Questions That Will Move Markets

November 30, 2015

This article is part of a regular series of thought leadership pieces from some of the more influential ETF strategists in the money management industry. Today's article is by Scott Kubie, chief strategist of Omaha, Nebraska-based CLS Investments.

New Year’s is the time to make predictions. Thanksgiving is the time to ask questions about the coming year. Asking those questions is often more important than coming up with precise answers.

Market participants often take the opposite approach, asking only the questions frequently emphasized in the media. But going beyond what’s right in front of us can lead to more valuable insights. Below are six important questions on my list for the coming year:

1. How fast will the Federal Reserve increase rates, and when will it stop?

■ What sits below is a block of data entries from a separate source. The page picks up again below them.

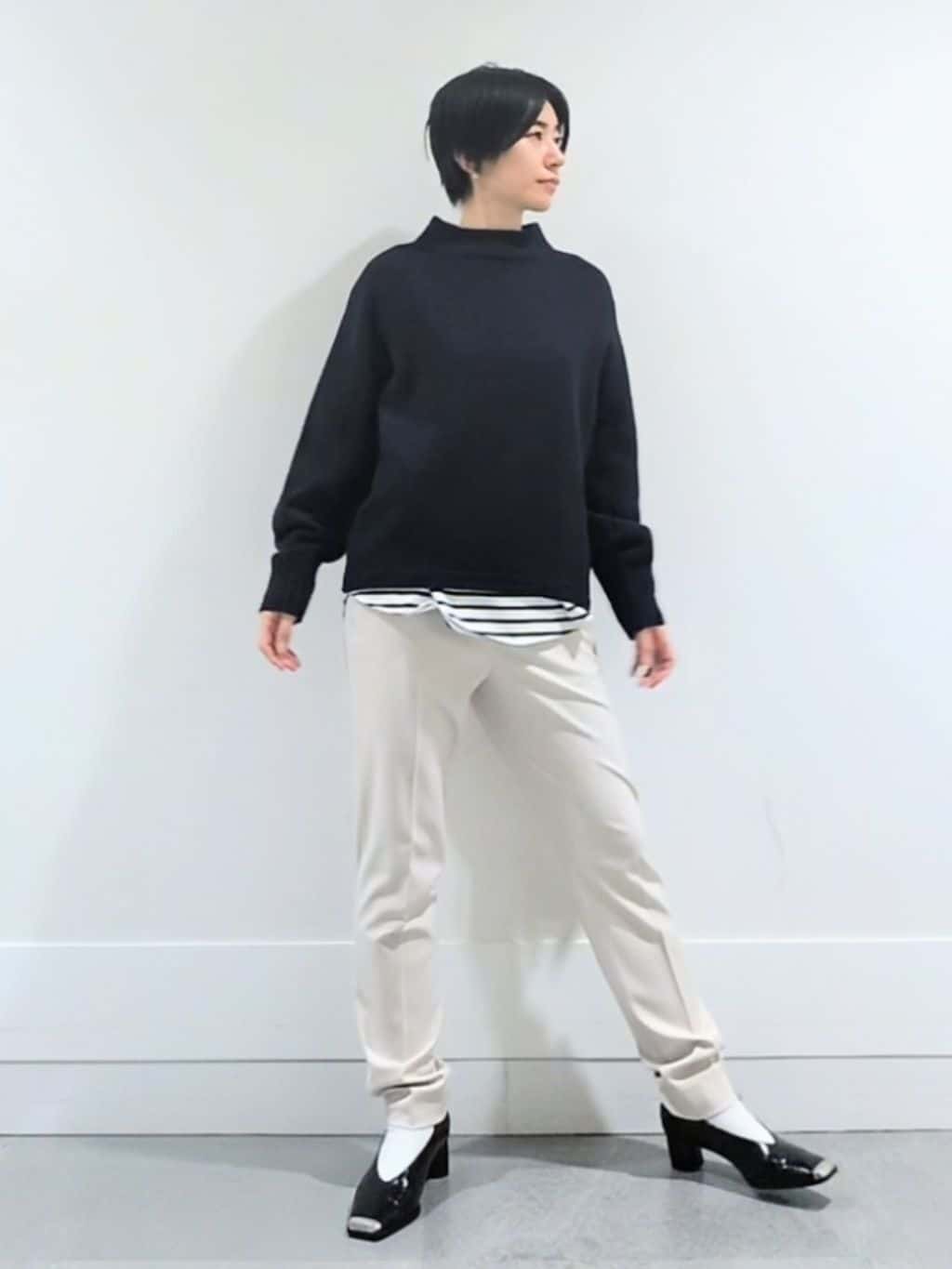 ミズタさんの「UNTITLED｜【洗える/レイヤードTシャツ】ラウンドテールジャージプルオーバー」を使ったコーディネート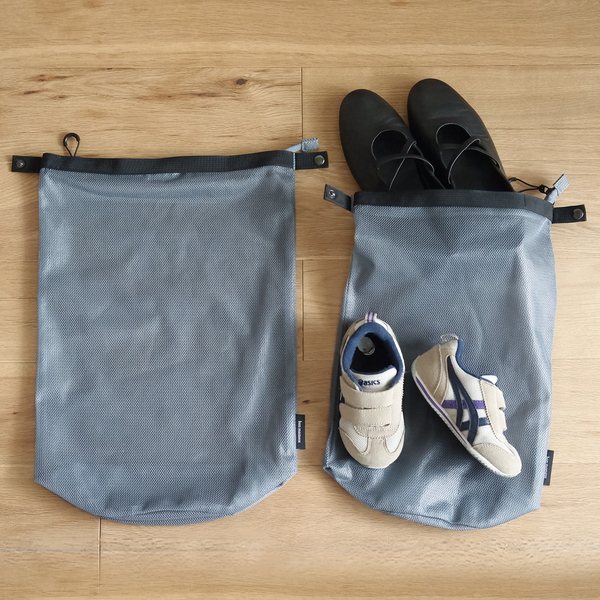 川遊びで大活躍！「メッシュ風シューズケース」が想像以上に便利でした[PR]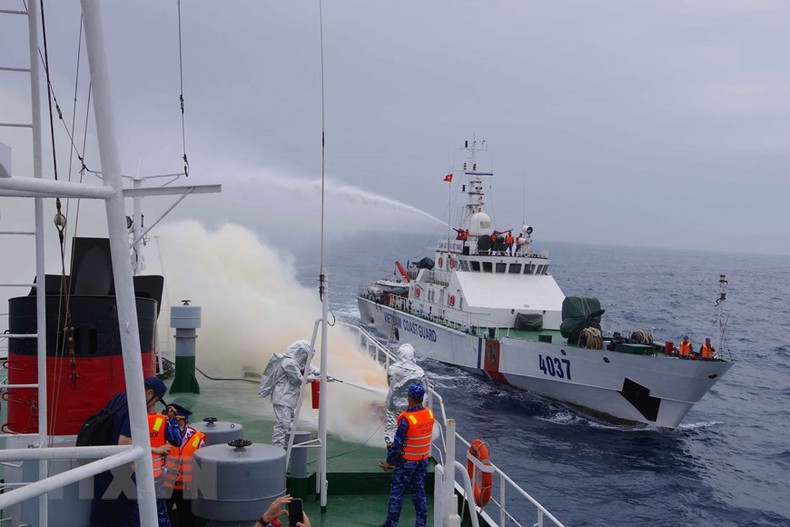 Las unidades navales realizan el ejercicio conjunto.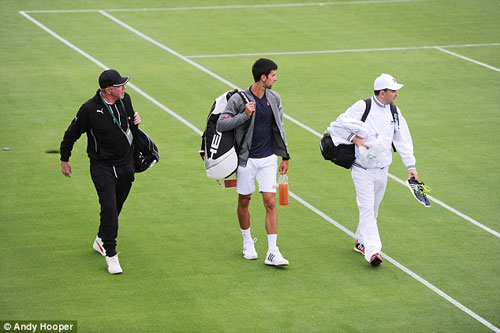 Tin HOT 23/6: Avanovic tự tin du hí ở London - 3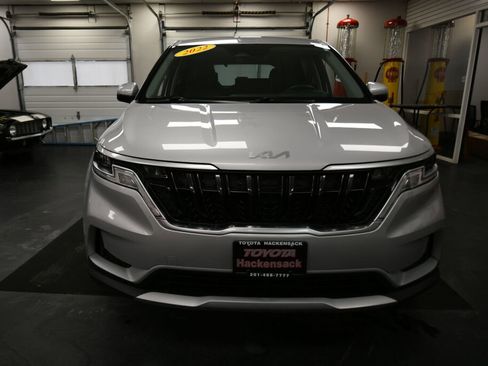 Used 2022 Kia Carnival LX image 3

Whether the Federal Reserve had raised rates in September, does so in December or waits until January is important, but not as important as the pace of increases and the stopping point. Nearly seven years removed from the market bottom, market participants are conditioned to very low rates. Within the market, there lingers a deep-rooted belief that rates are going back to normal. I don’t think they are.

My expectation is for rates to increase in December and then increase every second or third meeting. That pace would put short-term rates at about 1% by the end of 2016.

The potential opportunity in this timeline is that if participants overreact to an increase followed by strong data, they will push yields higher. If this happens, it may be a great time to buy intermediate and long-term Treasury ETFs, such as the iShares 7-10 Year Treasury Bond (IEF | A-55) and the iShares 20+ Year Treasury Bond (TLT | A-83).

If rates are expected to rise rapidly, we would expect the dollar to increase too. If the U.S. economy stays strong, international hedged equities would be attractively positioned. International stocks could rise from the benefits of improved economic growth, and hedging the currency means any dollar appreciation associated with higher rates won’t harm investors.

2. How will investors react when they find their portfolios are sensitive to changes in interest rates?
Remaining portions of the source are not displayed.